Termina neste fim de semana a temporada de "Jandira – Em Busca do Bonde Perdido", um relato autobiográfico bem-humorado e poético sobre a tomada de consciência da finitude. O espetáculo está em cartaz no Tucarena até domingo (8).

A peça escrita por Jandira Martini marca um momento profundamente significativo na carreira da atriz e dramaturga, sendo seu último texto para teatro escrito antes de seu falecimento em janeiro de 2024. Trata-se de uma obra que traz reflexões pessoais, memórias e questionamentos existenciais, que ganham vida por meio da interpretação da atriz Isabel Teixeira, escolha que só reforça o poder emocional e artístico deste relato.

No texto, Martini construiu um diálogo íntimo com seu passado e suas inquietações sobre tempo, memória e identidade. O título, com sua alusão ao "bonde perdido", dá uma sensação de nostalgia, remetendo a uma busca por algo essencial que parece ter ficado para trás — seja uma oportunidade, um sonho ou uma versão de si mesma. O "bonde" não é apenas um símbolo de deslocamento, mas também de conexão com os ritmos e espaços da vida que, muitas vezes, escorregam por entre os dedos.

A dramaturgia transita entre o autobiográfico e o universal. Jandira apresenta fragmentos de sua trajetória pessoal e profissional, mas os expande para dialogar com o público, transformando questões individuais em reflexões coletivas. É uma obra que questiona como nos refazemos diante das perdas e do inexorável passar do tempo, mas também celebra o legado deixado por aqueles que vivem de maneira autêntica e apaixonada.

Isabel Teixeira transforma essa dramaturgia em uma experiência sensorial, quase tátil, que consegue criar uma ponte entre a plateia e a alma de Jandira Martini. Sua performance intensifica o impacto emocional do texto, levando o público a rir, se emocionar e se colocar dentro das questões que a autora coloca em sua narrativa.

Três perguntas para…

… Isabel Teixeira

Como foi trabalhar em parceria com o Marcos Caruso nesse projeto sabendo que ele e Jandira Martini eram amigos muito próximos?

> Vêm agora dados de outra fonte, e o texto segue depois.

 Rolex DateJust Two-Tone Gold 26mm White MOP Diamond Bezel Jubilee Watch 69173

É uma alegria participar disso. Duas pessoas tão importantes para mim no meu aprendizado teatral. Eu sempre os observei. Eu estou no meio dessa celebração onde a escrita cênica do Caruso se encontra com a escrita dramatúrgica da Jandira. Eu também possuo uma escrita do meu corpo em cena, da minha voz. O teatro, para mim, se trama nessas dramaturgias expandidas. Existe uma escrita do gesto, da luz, da roupa. Acho que estamos ali celebrando essa escrita. Não conheci pessoalmente a Jandira. Então, o Caruso foi me apresentando a Jandira que ele conheceu. E ele a conheceu muito bem.

Ouço muitas vezes, de pessoas que a foram próximas dela, que, de alguma maneira, tem um harmônico da personalidade dela ali em cena. Nunca foi nossa intenção, do Caruso principalmente, em mimetizar a Jandira em cena. A gente usou como norte o texto. Então, muitas vezes, eu falo como ela fala porque o texto foi ela que escreveu.

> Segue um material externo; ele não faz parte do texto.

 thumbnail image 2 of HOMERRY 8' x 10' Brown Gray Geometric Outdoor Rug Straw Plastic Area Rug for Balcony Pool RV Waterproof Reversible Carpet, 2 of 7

Li em uma entrevista sua que você acha interessante atravessar as palavras do autor, ser afetada por elas e transformar em algo que seja verdadeiramente seu? Isso aconteceu também em "Jandira"?

Eu acho que a palavra do autor tem que, de alguma maneira, estar em mim, como se eu estivesse dizendo aquilo pela primeira vez. O texto está ali, mas o jeito que eu faço também é uma maneira de escrever este texto no ar da cena. O espectador também é um dramaturgo, porque ele faz as suas sinapses a partir de sua própria experiência e reflete a partir de si sobre o texto que ele está lendo. Então acredito muito que o trabalho seja realmente trazer esse texto para mim. Estou honrando a palavra da Jandira, eu não mudo o texto, eu tento trazê-lo para a minha boca e para o meu coração ao mesmo tempo. Então, claro que ele se torna meu de alguma maneira, mas não de minha autoria. Sou cocriadora ali do movimento na cena, mas uso como norte a palavra escrita pelo autor, pela autora, no caso.

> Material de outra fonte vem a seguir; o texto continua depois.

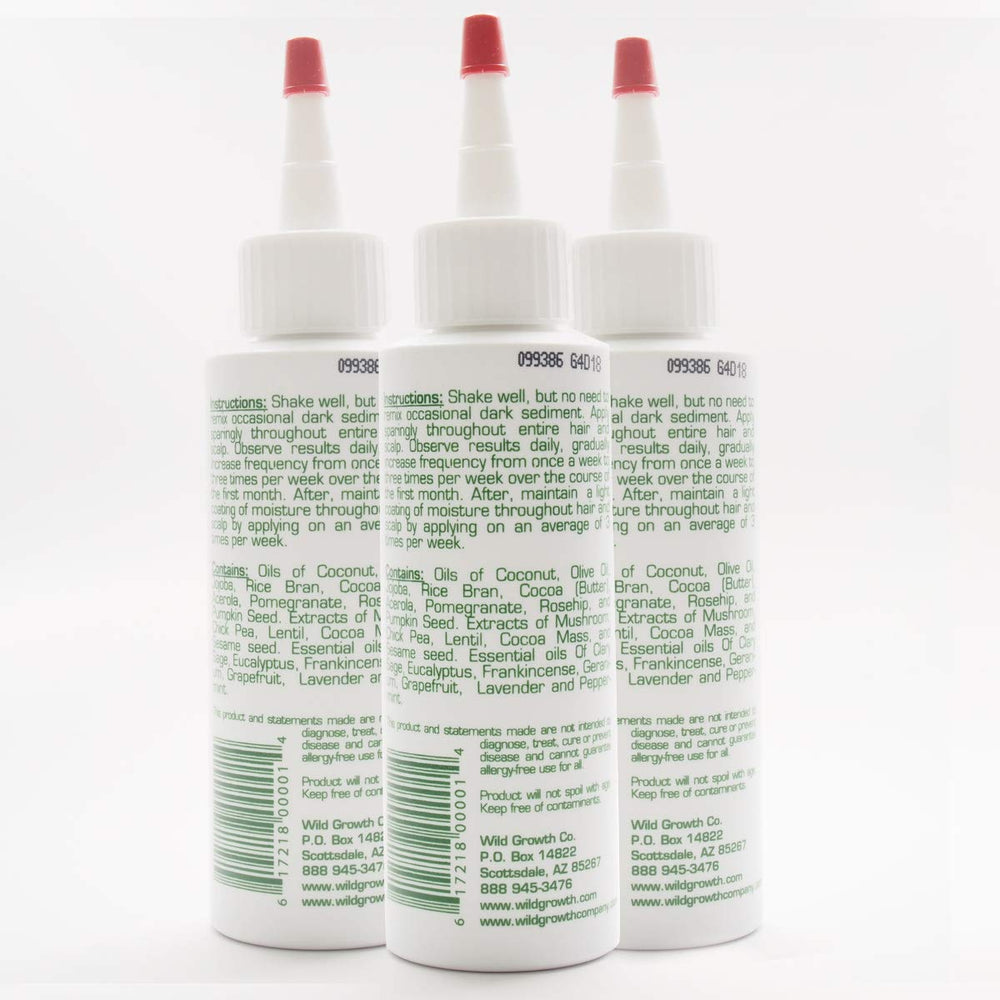 Wild Growth aceite para el cabello, aplicación con dedos, ayuda a desenredar y nutrir.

Nos momentos difíceis os atores sempre "pedem socorro" aos deuses da escrita, como Shakespeare, Molière, Wilde…?

Eu sempre me volto para o Hamlet, por exemplo, para o Shakespeare, assim como a Jandira. A Jandira traz o Molière, o Shakespeare, o Machado de Assis, imagina! Palavra, palavra... Para mim, aqui no meu ateliê, na minha editora, estou rodeada de palavras e, sim, sempre para os clássicos a gente pede socorro. Nem acho que é socorro. Para mim, não é ajuda que peço para os clássicos, não. Acho que faz parte da minha formação, sabe? Eu penso no Tchekhov, no Beckett, no Shakespeare. Quando estou perdida, quando perco um pouco o chão, principalmente.

A gente sempre vai voltar para o Molière, a gente sempre vai voltar para o Tchekhov, porque é palavra viva em movimento. Eu ainda tenho muito a descobrir nesses autores porque acredito que ainda tenho muito a descobrir sobre a vida. Não que eles soubessem tudo, mas a escrita é viva, vai além dos seus autores. Tchekhov faz parte da minha formação celular. E é engraçado porque tenho uma mistura de Tchekhov com Beckett na minha formação, então, fica uma coisa bem louca. Mas essas palavras que perduram e que faço vivas no meu presente, compõem o meu porto seguro, para onde eu volto, onde eu crio raiz, onde eu finquei minhas raízes. É mais aberto que um pedido de socorro. É um reconhecimento da existência mesmo. Então pode até ser um pedido de socorro, não é? Porque, às vezes, quando a gente se perde, é muito bom ter para onde voltar.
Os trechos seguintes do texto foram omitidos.